The U.K. on July 17 added 13 people and one entity to its Russia sanctions list. The people include government officials and ministers and others responsible for the forced deportation of Ukrainian children. The lone entity is the Federal State Budget Educational Institution Artek International Children's Center. In the notice, the Office of Financial Sanctions Implementation also amended the entries for nine people and one entity.
The U.K. formally signed the Comprehensive and Progressive Agreement for Trans-Pacific Partnership July 15. The deal currently has 11 members -- Australia, Brunei, Canada, Chile, Japan, Malaysia, Mexico, New Zealand, Peru, Singapore and Vietnam -- and serves as a succeeding trade deal to the Trans-Pacific Partnership following the U.S. withdrawal.
A group of European countries not in the EU aligned with a recent sanctions move from the bloc under its Iran sanctions regime, the European Council said July 14. The council in June amended the list of sanctioned individuals and entities. The countries of North Macedonia, Montenegro, Albania, Ukraine, Moldova, Bosnia and Herzegovina, Iceland, Liechtenstein and Norway also imposed the decision.

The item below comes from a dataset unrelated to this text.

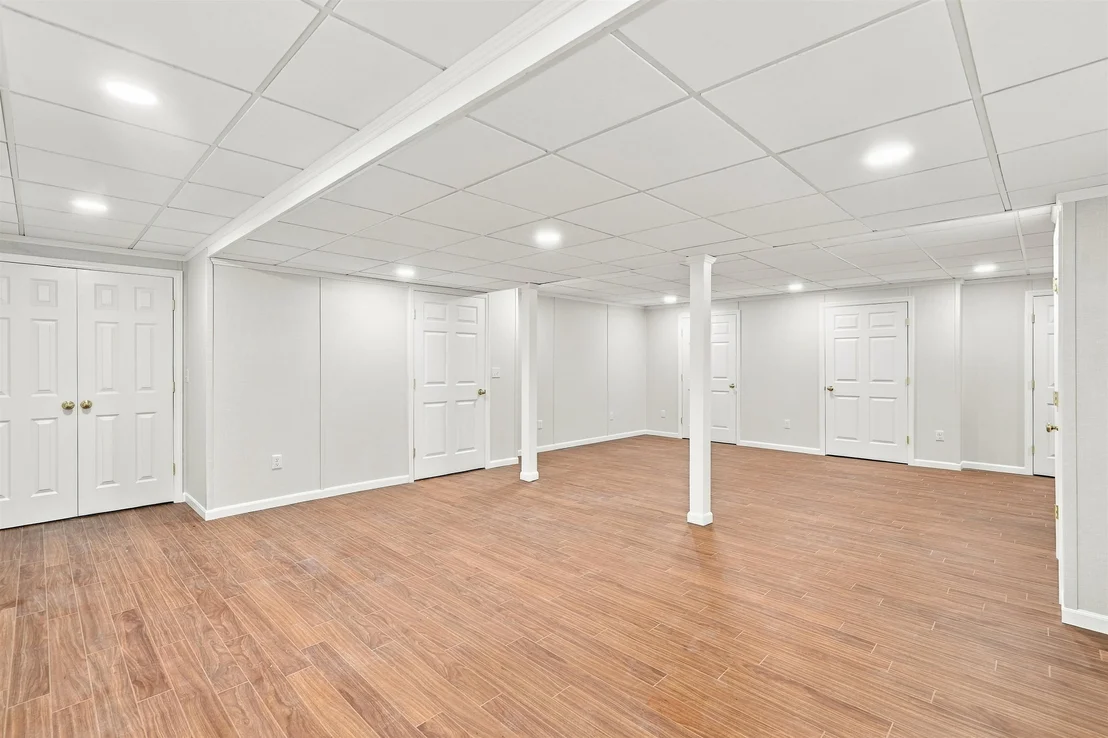 Photo of 13 Longview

The EU General Court last week affirmed a European Commission decision that allowed German securities depository bank Clearstream Banking to comply with U.S. sanctions on Iran. The case stemmed from a commission decision in 2020 that authorized Clearstream to withhold payment of dividends to German firm IFIC Holding, whose shares are indirectly held by the Iranian government. IFIC had asked the General Court to annul the decision.

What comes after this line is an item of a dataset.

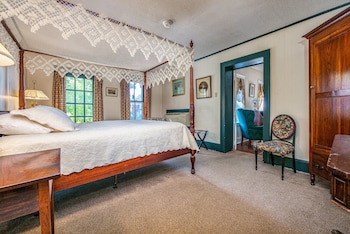 14 - Rhodes Suite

The European Council on July 14 extended by six months the humanitarian exception to its Syria sanctions regime. The exception allows for aid to enter Syria following the February earthquake in Syria and Turkey. The exception, to expire Feb. 24, 2024, also allows international organizations and "certain defined categories of actors involved in humanitarian activities in Syria" to make funds available to sanctioned parties.

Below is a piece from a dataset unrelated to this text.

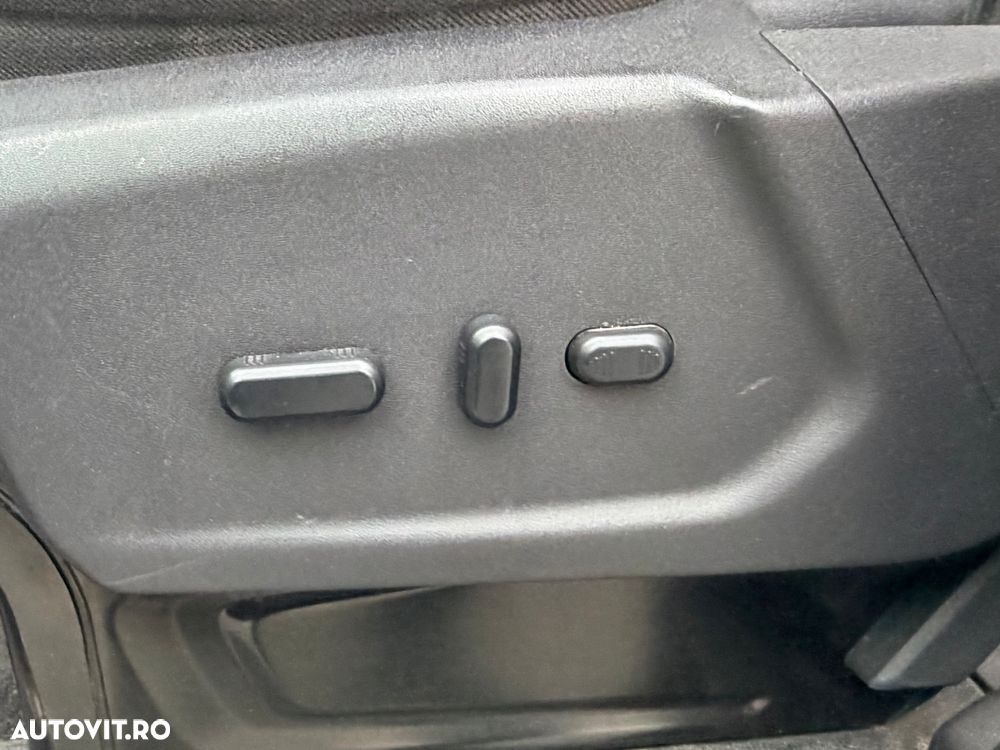 Ford Tourneo Custom 300 L2H1 VA Titanium - 22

The U.K.'s Office of Financial Sanctions Implementation will begin rejecting incomplete license applications instead of “engaging” with applicants to collect all required information, the agency announced last week. OFSI said its licensing team has experienced “unprecedented high demand” caused by its Russia sanctions, including a surge in new applications and requests to amend existing licenses, and it doesn’t have the time to continue a temporary measure under which it worked with applicants to fix missing information.
Switzerland this week dropped two people from its Democratic Republic of the Congo sanctions regime, both of whom were originally sanctioned for committing "serious" human rights abuses in the country. Emmanuel Ramazani Shadary and Kalev Mutondo were delisted after the EU also delisted the pair following a General Court ruling annulling their listing, which said that the European Council did not establish a sufficient link between the men and the situation in the DRC (see 2306200023).
The EU on July 13 removed import restrictions on certain food from Japan that had been in place since the 2011 Fukushima nuclear incident. The European Council said the move follows "positive results from controls done on the products" by the Japanese government and EU member states. Following 2011, the bloc tested food products for radioactivity pre-export. By 2021, the restrictions were limited to "wild mushrooms, some fish species and wild edible plants." The U.K. lifted similar restrictions last year (see 2206290022).
The U.K.'s Office of Financial Sanctions Implementation, in a July 12 notice, added six entities to its Sudan sanctions regime. The entries are for Al Junaid Multi Activities Co., Defense Industries System, GSK Advance Company, Sudan Master Technology, Tradive General Trading and Zadna International Company for Investment. All were listed for their roles in threatening the security of Sudan due to their support for one of the parties in the conflict between factions of the military government.
A free trade agreement between the EU and New Zealand, signed July 9, is expected to grow trade between the parties by 30% within 10 years, the commission said. The deal would eliminate all tariffs on EU exports to New Zealand, open the New Zealand services market in "key sectors," establish nondiscriminatory treatment for European investors, boost access for New Zealand government procurement, facilitate data flows, halt data localization requirements and strengthen intellectual property rights, the commission said.